Performance hit from C++ style casts?

Question

I am new to C++ style casts and I am worried that using C++ style casts will ruin the performance of my application because I have a real-time-critical dead

Answer 1

If the C++ style cast can be conceptualy replaced by a C-style cast there will be no overhead. If it can't, as in the case of dynamic_cast, for which there is no C equivalent, you have to pay the cost one way or another.

As an example, the following code:

int x;
float f = 123.456;

x = (int) f;
x = static_cast<int>(f);

generates identical code for both casts with VC++ - code is:

00401041   fld         dword ptr [ebp-8]
00401044   call        __ftol (0040110c)
00401049   mov         dword ptr [ebp-4],eax

The only C++ cast that can throw is dynamic_cast when casting to a reference. To avoid this, cast to a pointer, which will return 0 if the cast fails.

Answer 2

There are four C++ style casts:

• const_cast
• static_cast
• reinterpret_cast
• dynamic_cast

As already mentioned, the first three are compile-time operations. There is no run-time penalty for using them. They are messages to the compiler that data that has been declared one way needs to be accessed a different way. "I said this was an int*, but let me access it as if it were a char* pointing to sizeof(int) chars" or "I said this data was read-only, and now I need to pass it to a function that won't modify it, but doesn't take the parameter as a const reference."

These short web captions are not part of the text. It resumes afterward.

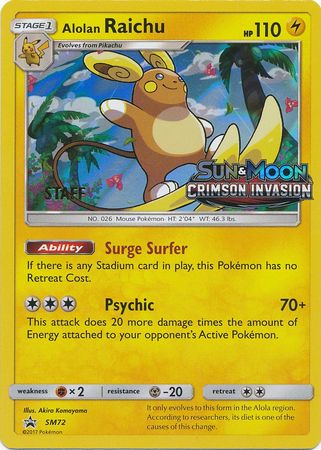 Alolan Raichu (SM72) (Staff Prerelease Promo) [Sun & Moon: Black Star Promos] | Rock City Comics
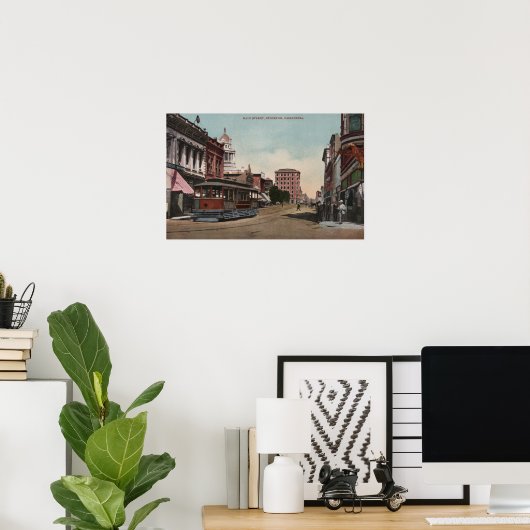 Uitzicht met Street Car Poster (Thuiskantoor)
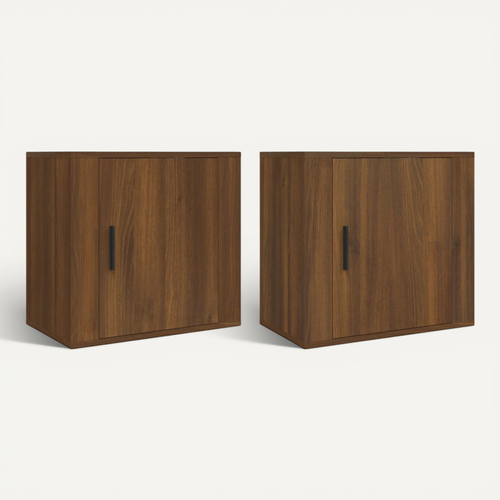 Tables De Chevet Murales 2 Pièces Chêne Marron 50x30x47 Cm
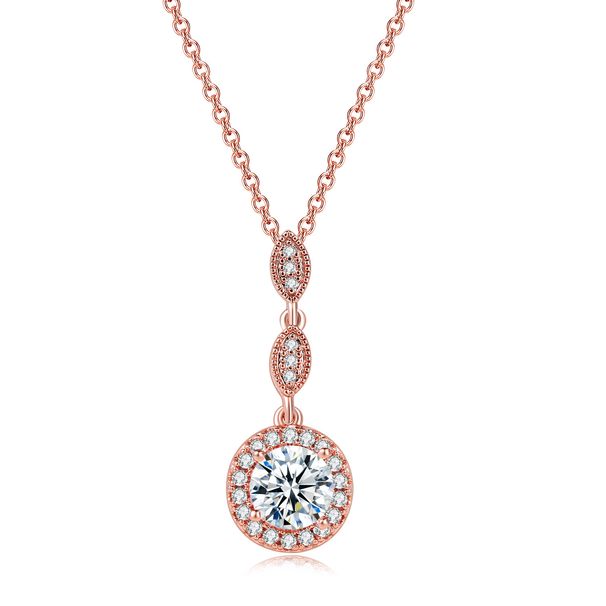 Unisex hot selling jewelry Fashion pendant necklace Popular zircon rose gold plated accessories_ipsvogv.com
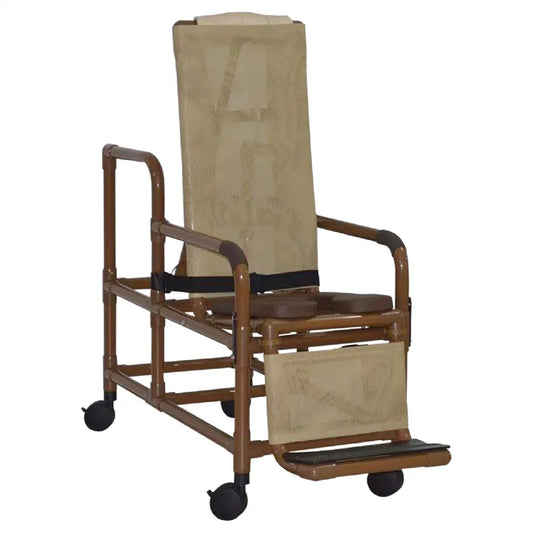 Transfer Shower Chair, Wood Tone, Tilts in 7 Different Positions, Durable PVC Frame, 250-lb. Weight Limit, by MJM International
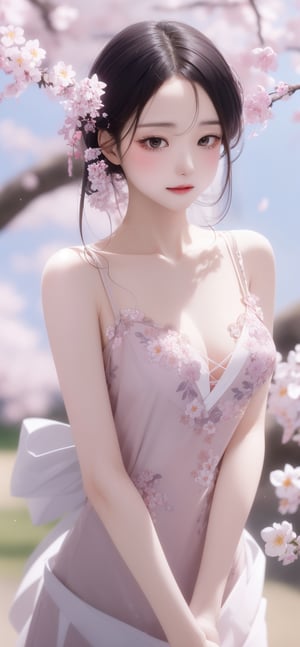 A 16-year-old Japanese beauty,in the sakura flowers.Turn slightly,iris purple dress, white hair 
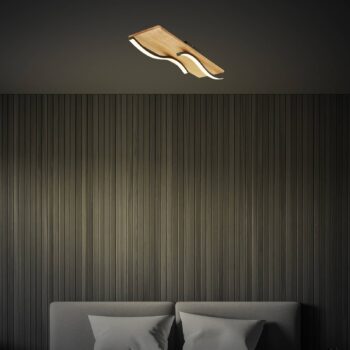 Stropné svietidlo LED Vinka, 55x14 cm, 2 svetlá, farba dreva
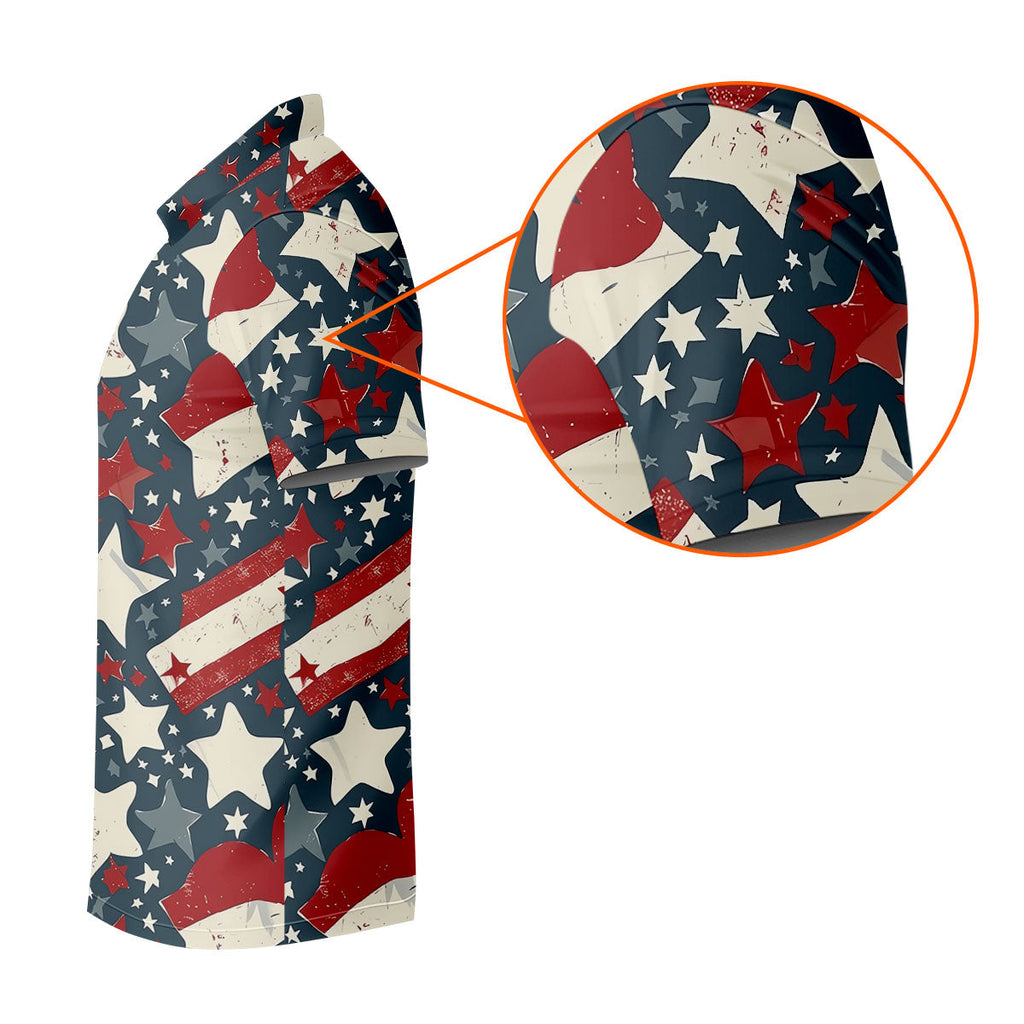 Distressed Texas Flag Golf Shirt, 250 Years Patriotic 4th Of July Golf Shirts For Men
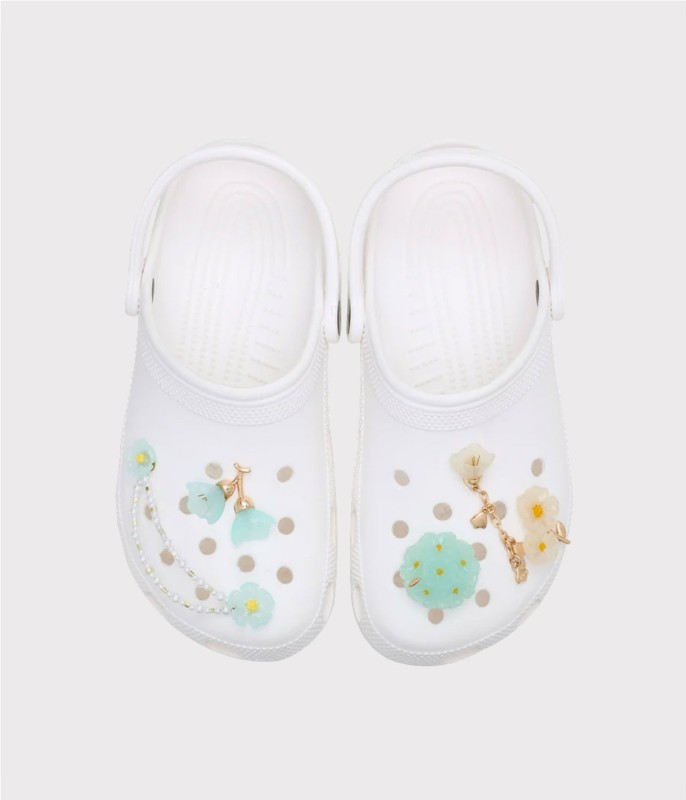 CROCS JIBBITZ BLUE FLORAL 5 PK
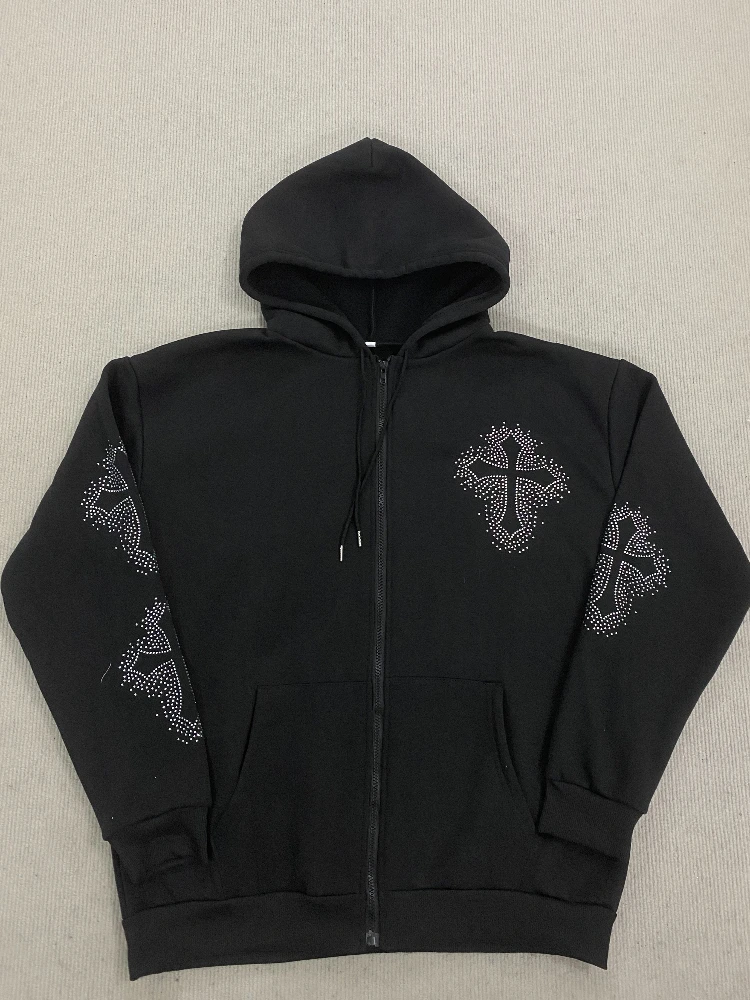 New Personalized Trendy Hot Diamond Printed Fashion Dark Style Zipper Hoodie Sweatshirt y2k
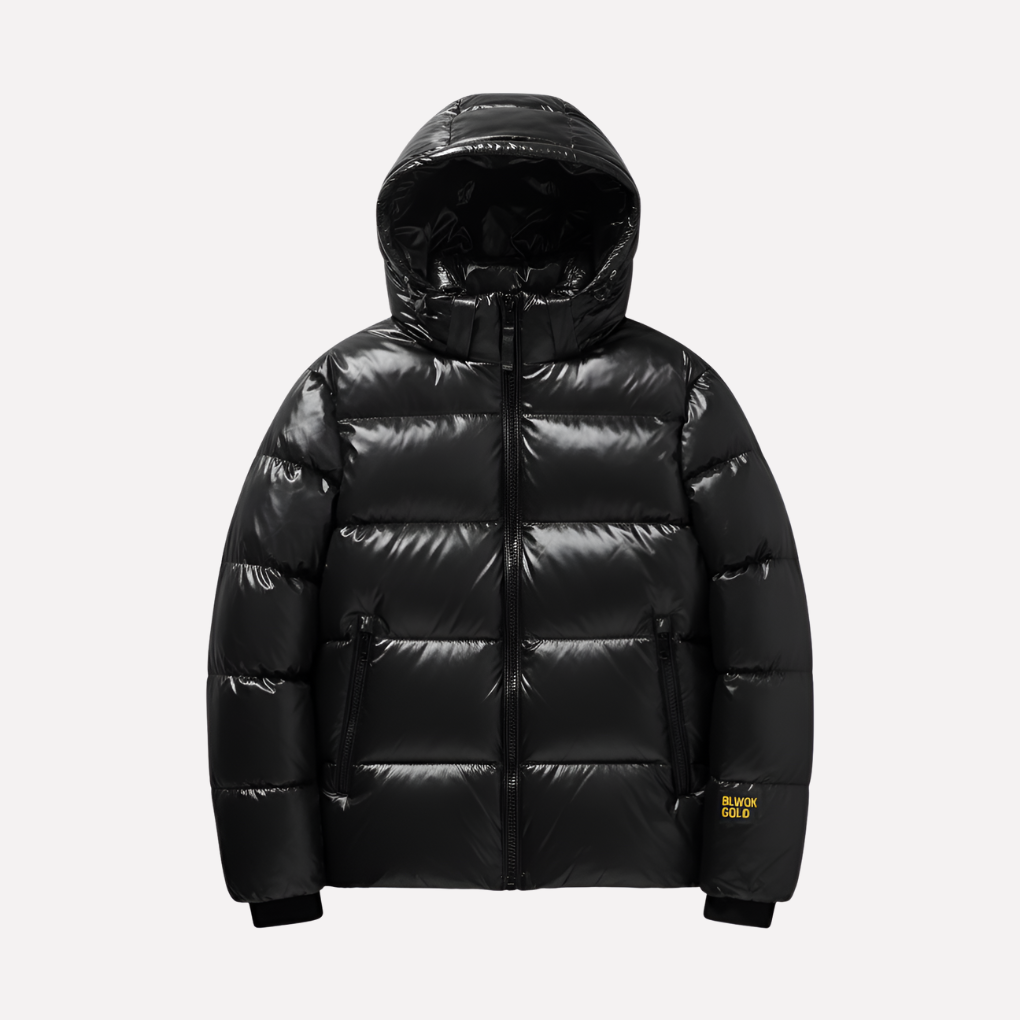 Men's Winter Hooded Puffer Jacket, Gloss Finish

Aside from data corruption by casting to the wrong type and trouncing over data (always a possibility with C-style casts) the most common run-time problem with these casts is data that actually is declared const may not be castable to non-const. Casting something declared const to non-const and then modifying it is undefined. Undefined means you're not even guaranteed to get a crash.

dynamic_cast is a run-time construct and has to have a run-time cost.

The value of these casts is that they specifically say what you're trying to cast from/to, stick out visually, and can be searched for with brain-dead tools. I would recommend using them over using C-style casts.

Answer 3

Although I agree with the statement "the only one with any extra cost at runtime is dynamic_cast", keep in mind there may be compiler-specific differences.

I've seen a few bugs filed against my current compiler where the code generation or optimization was slightly different depending on whether you use a C-style vs. C++-style static_cast cast.

So if you're worried, check the disassembly on hotspots. Otherwise just avoid dynamic casts when you don't need them. (If you turn off RTTI, you can't use dynamic_cast anyway.)

Answer 4

Why would there be a performance hit? They perform exactly the same functionality as C casts. The only difference is that they catch more errors at compile-time, and they're easier to search for in your source code.

static_cast<float>(3) is exactly equivalent to (float)3, and will generate exactly the same code.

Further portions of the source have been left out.